*** Records ***
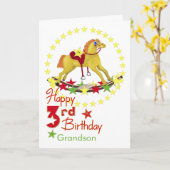 3rd Birthday Rocking Horse Stars Kaart (Gele Bloem)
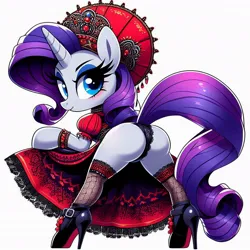 Size: 1024x1024 | Tagged: suggestive, ai content, derpibooru import, machine learning generated, prompter:glimmy-glam, rarity, pony, unicorn, g4, ankle boots, blushing, boots, bracelet, buckle, butt, clothes, dress, female, generator:dall-e 3, hat, high heel boots, high heels, horn, image, jewelry, jpeg, lace underwear, lingerie, looking at you, looking back, looking back at you, missing cutie mark, nylon, panties, rearity, red sole shoes, shoes, simple background, skirt, skirt lift, socks, solo, solo female, thigh highs, underwear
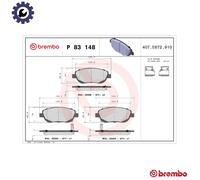 Brake pads P 83 148 BREMBO for TOYOTA AVENSIS Saloon AVENSIS Estate VERSO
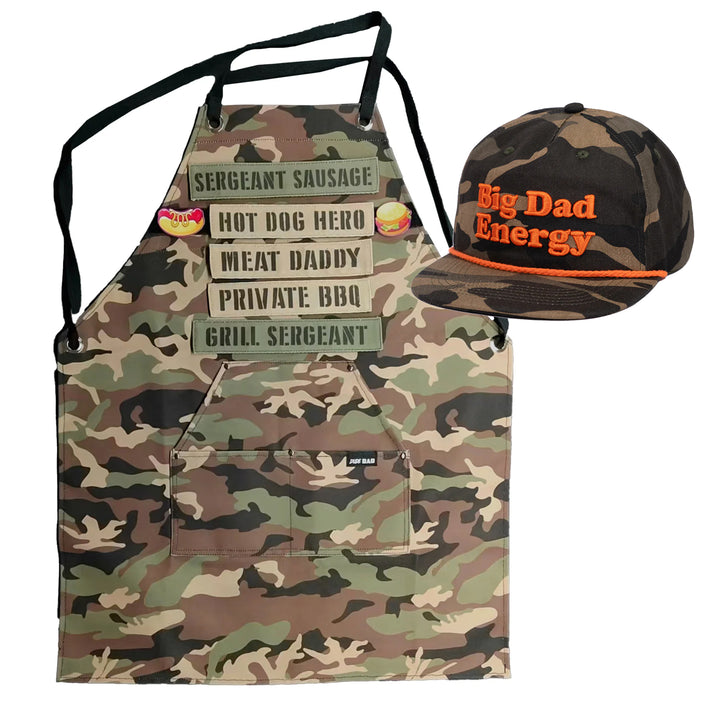 Backyard Dad Bundle: Grill Sergeant Apron + Camo Big Dad Energy Hat
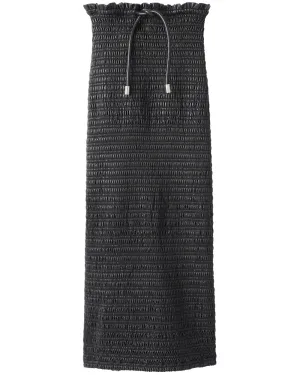 Black Smocked Vegan Leather Jaclyn Pencil Skirt
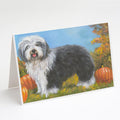 Old English Sheepdog Ocotoberfest Greeting Cards Pack of 8 Blank Cards with Envelopes Whimsical A7 Size 5x7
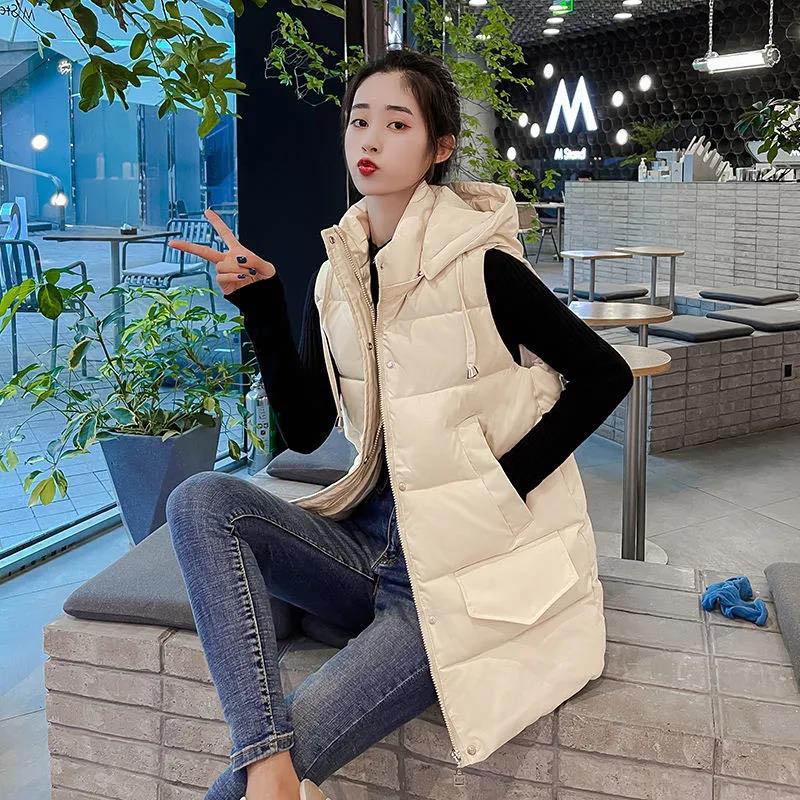 Women's Down Cotton Waistcoat Jacket, Long Waistcoat, All-match Korean Style Loose Large Size Autumn and Winter Thick Waistcoat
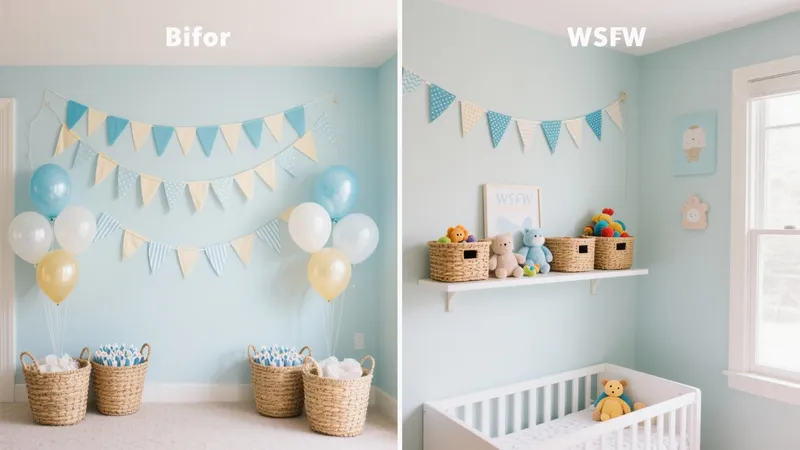 Soft Blue Nursery Design with Bunting & Smart Storage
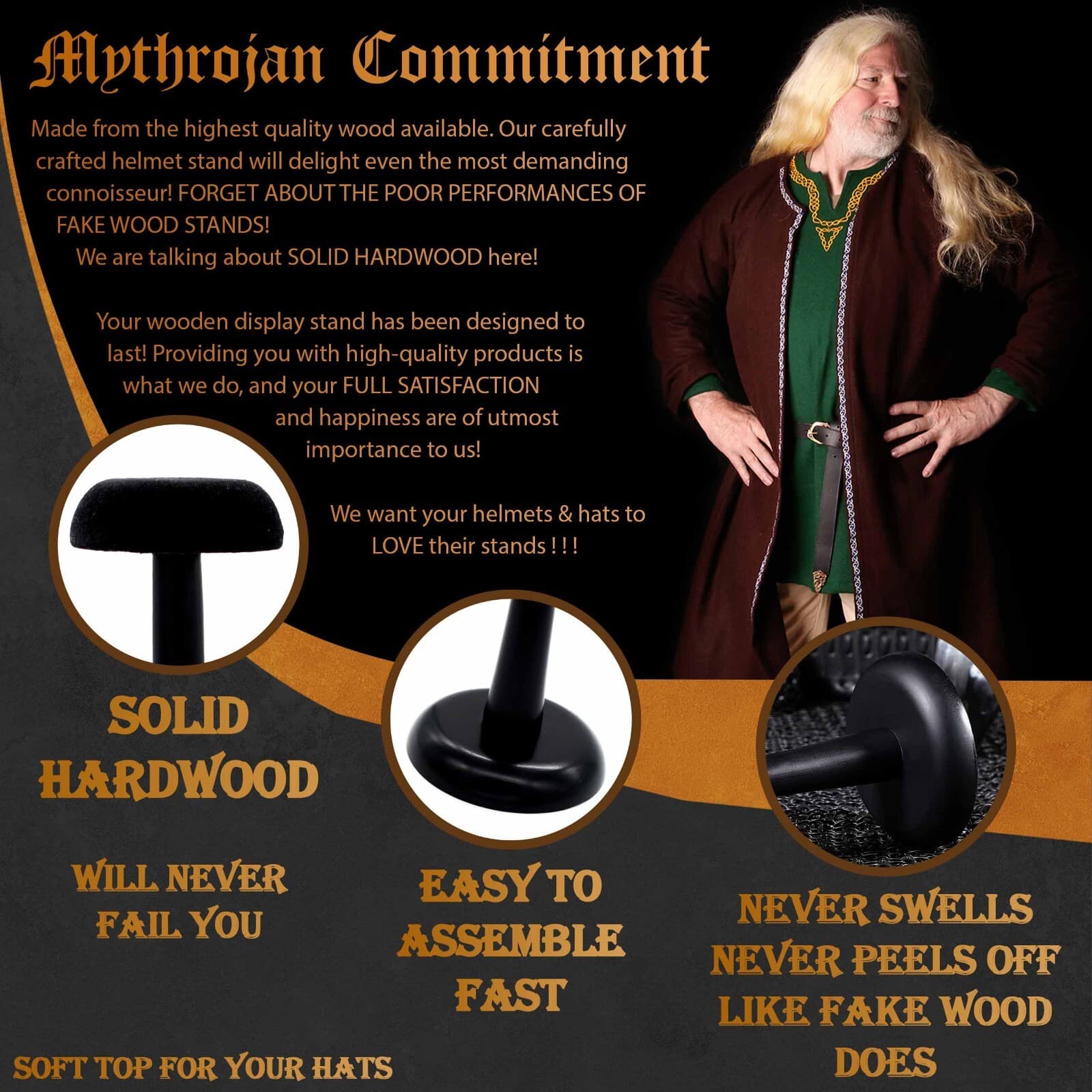 Medieval Helmet Stand Wooden Display Armor Holder Viking Knight Headwear Black 3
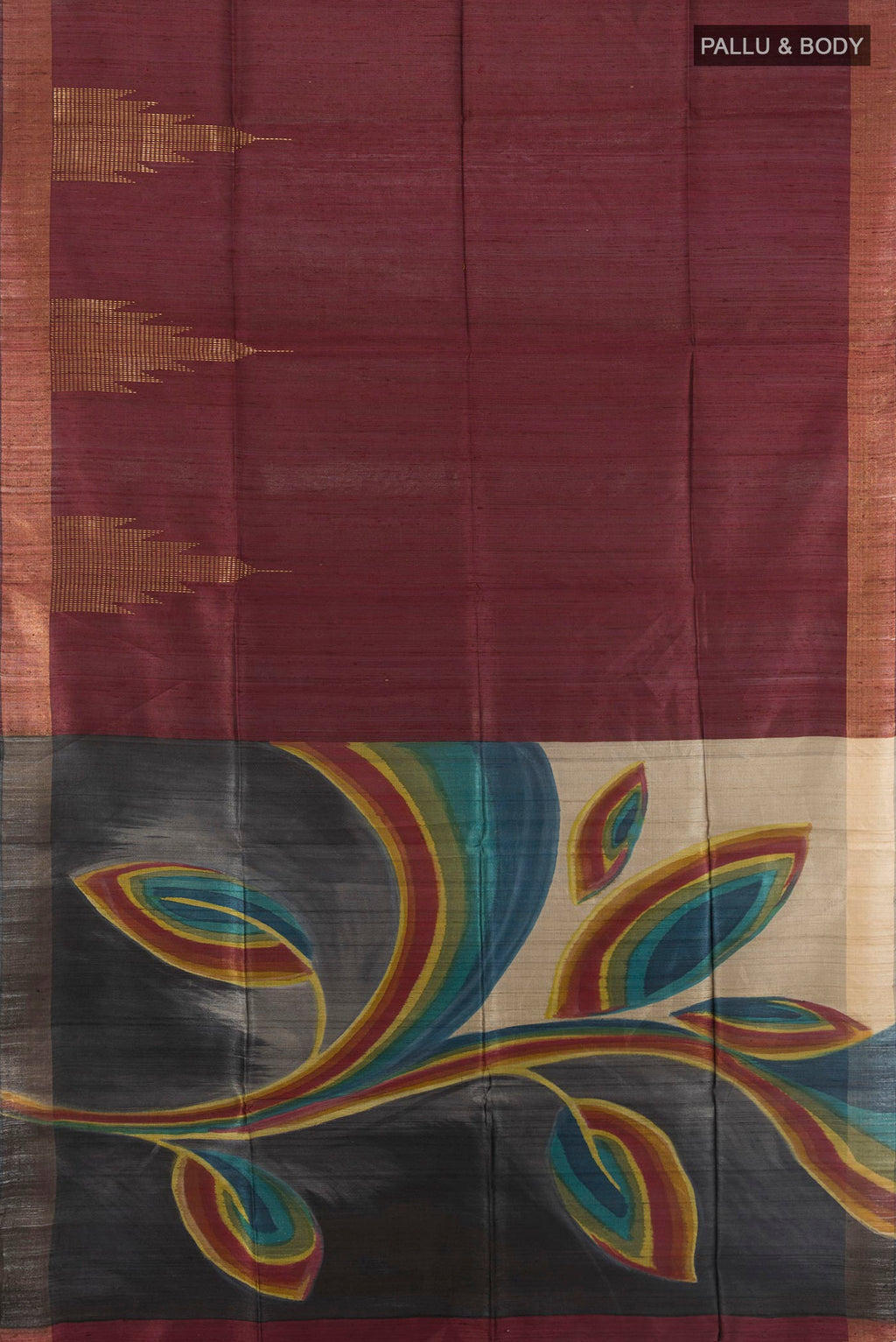 Flat view of Pure Silk Brown Tussar Saree with Plain Body and Zari Border. 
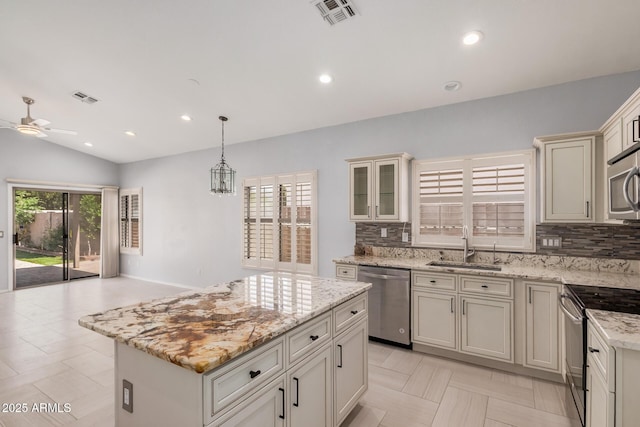 1712 E Saratoga St, Gilbert, AZ 85296 - kitchen with a wealth of natural light, visible vents, a sink, and appliances with stainless steel finishes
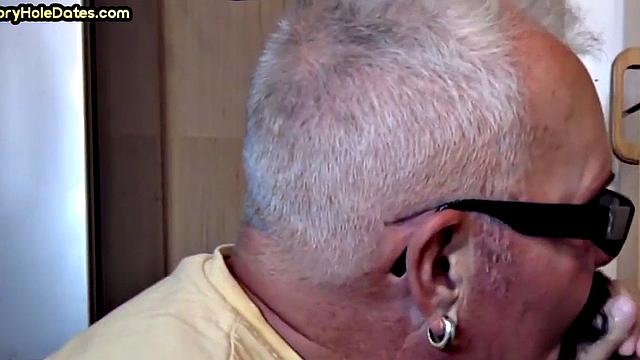 Mature enjoys gloryhole visit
*** End of Records ***
Your objective – The answer consists solely of the lines from the one holding "Backyard Dad Bundle: Grill" through the last line of the entries above, set down verbatim, without any pictures.

Completed task –
 Backyard Dad Bundle: Grill Sergeant Apron + Camo Big Dad Energy Hat
 Black Smocked Vegan Leather Jaclyn Pencil Skirt
 Old English Sheepdog Ocotoberfest Greeting Cards Pack of 8 Blank Cards with Envelopes Whimsical A7 Size 5x7
 Women's Down Cotton Waistcoat Jacket, Long Waistcoat, All-match Korean Style Loose Large Size Autumn and Winter Thick Waistcoat
 Soft Blue Nursery Design with Bunting & Smart Storage
 Medieval Helmet Stand Wooden Display Armor Holder Viking Knight Headwear Black 3
 Flat view of Pure Silk Brown Tussar Saree with Plain Body and Zari Border. 
 1712 E Saratoga St, Gilbert, AZ 85296 - kitchen with a wealth of natural light, visible vents, a sink, and appliances with stainless steel finishes
 Mature enjoys gloryhole visit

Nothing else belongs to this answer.